North Korea says South Korea’s peace overtures a ‘pipedream’

By Jack Kim

SEOUL (Reuters) -The North Korean leader’s powerful sister said on Thursday that the country has never taken down propaganda loudspeakers and will not do so, calling South Korea’s belief that Pyongyang was responding to its peace overtures a “pipedream.”

Kim Yo Jong, who is a senior official in the North’s ruling Workers’ Party, also said adjustments made to the plan for annual joint military drills by South Korea and the U.S. were a “futile” move that did not change the allies’ hostile intent.

Kim, who officials and analysts believe speaks for her brother, has in recent weeks rebuffed moves taken by South Korea’s new liberal government aimed at easing tension between the two Koreas.

“I am confident that Seoul’s policy towards the DPRK remains unchanged and can never change,” Kim was quoted as saying by KCNA official news agency. DPRK is short for the Democratic People’s Republic of Korea, North Korea’s official name.

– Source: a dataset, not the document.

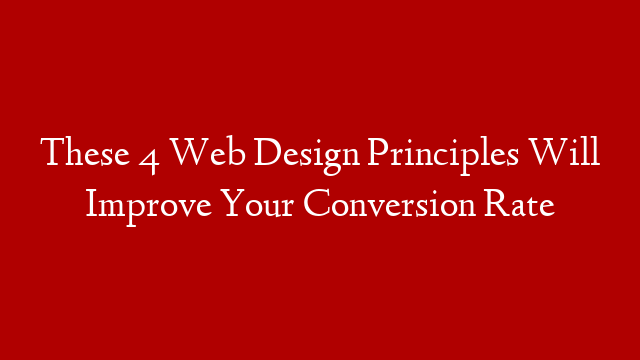 These 4 Web Design Principles Will Improve Your Conversion Rate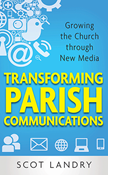 Transforming Parish Communications: Growing the Church Through New Media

South Korea’s military has said it detected moves by the North’s military to dismantle some propaganda loudspeakers directed at the South, following similar moves by the South.

Seoul’s Joint Chiefs of Staff said on Thursday it stood by its assessment of activities it had observed at some parts of the border, adding it was continuing to monitor the situation.

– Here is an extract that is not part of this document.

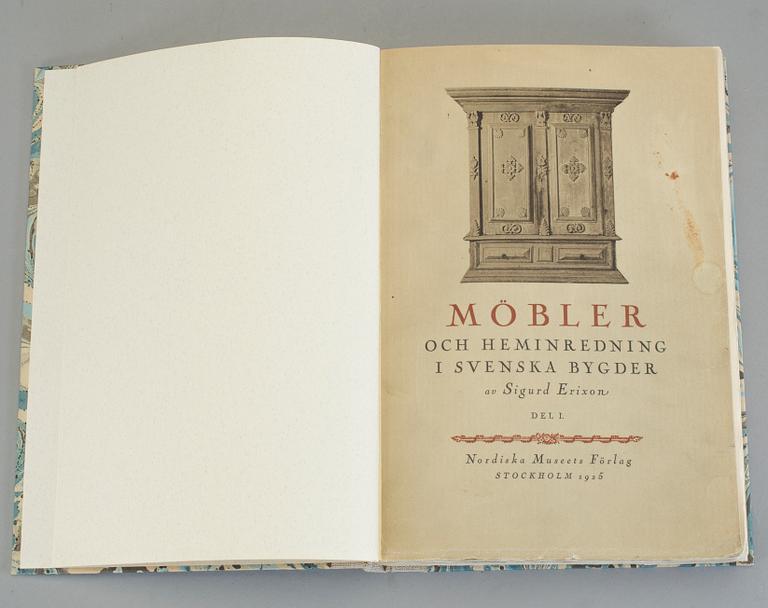 SIGURD ERIXON, 2 vol, Möbler och heminredning i svenska bygder, I-II, Stockholm 1925-26.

The military’s spokesman Lee Sung-jun said he believed caution was needed when interpreting statements made by the North to avoid being misled and that Pyongyang had often made “claims that are untrue.” He declined to elaborate.

Lee did not directly address a question about a news report that the North had taken down only one loudspeaker out of the dozens it had positioned along the border.

During former President Yoon Suk Yeol’s term, South Korea blasted loudspeaker broadcasts criticising the North’s leadership in a propaganda campaign that angered its rival.

There has been cautious optimism in the South that the North may be responding positively to a policy by President Lee Jae Myung to engage Pyongyang after a period of cross-border tension and even show willingness to return to dialogue.

Kim Yo Jong also said North Korea will not be sitting down with the United States for dialogue, saying reports raising the possibilities of such a development were “false suppositions.”

Hong Min, a senior analyst at South Korea’s Institute for National Unification, said Pyongyang likely anticipated further conciliatory gestures by the South and may be trying to pace the development while driving home leader Kim Jong Un’s earlier vow to permanently break off ties with Seoul.